Barbara Deming was born in New York City. She attended a Friends (Quaker) school up through her high school years.

Deming directed plays, taught dramatic literature and wrote and published fiction and non-fiction works. On a trip to India, she began reading Gandhi, and became committed to a non-violent struggle, with her main cause being Women's Rights. She later became a journalist, and was active in many demonstrations and marches over issues of peace and civil rights. She was a member of a group that went to Hanoi during the Vietnam War, and was jailed many times for non-violent protest.

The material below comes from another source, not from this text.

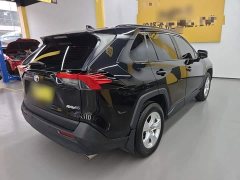 Toyota RAV4 2.0L CVT FWD Urban Edition - ფოტო 6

Deming died on August 2, 1984.

Relationships 

At sixteen, she had fallen in love with a woman her mother's age, and thereafter she was openly lesbian. She was the romantic partner of writer and artist Mary Meigs from 1954 to 1972. Their relationship eventually floundered, partially due to Meigs's timid attitude, and Deming's unrelenting political activism.

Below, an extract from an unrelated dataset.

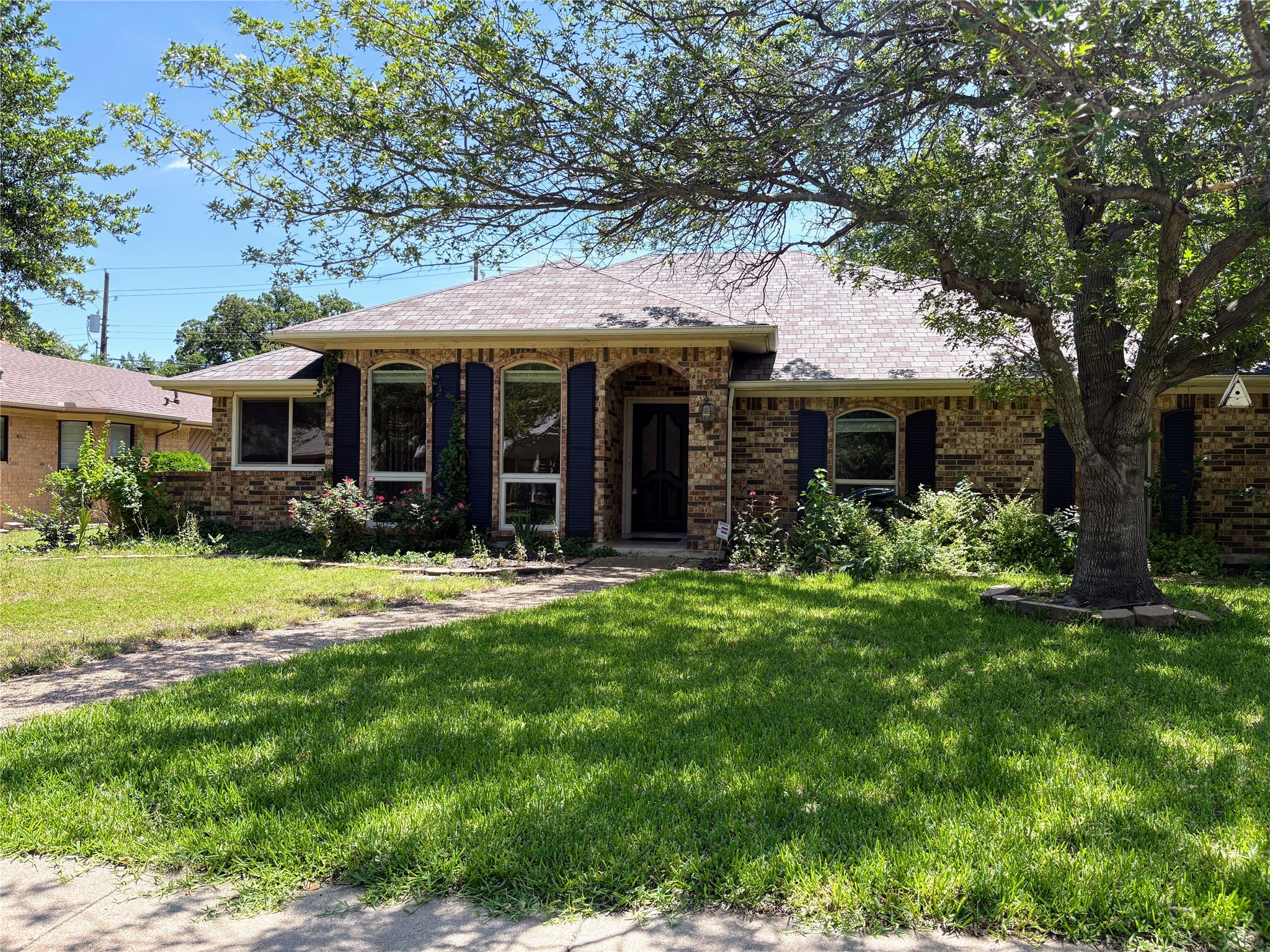 124 Meadowglen Circle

During the time that they were together, Meigs and Deming moved to Wellfleet, Massachusetts, where she befriended the writer and critic Edmund Wilson and his circle of friends. Among them was the Québécois author Marie-Claire Blais, with whom Meigs became romantically involved. Meigs, Blais, and Deming lived together for six years.

In 1976, Deming moved to Florida with her partner, artist Jane Verlaine. Verlaine painted, did figure drawings and illustrated several books written by Deming.  Verlaine was a tireless advocate for abused women.

Life's work 
Deming openly believed that it was often those whom we loved that oppressed us, and that it was necessary to re-invent non-violent struggle every day.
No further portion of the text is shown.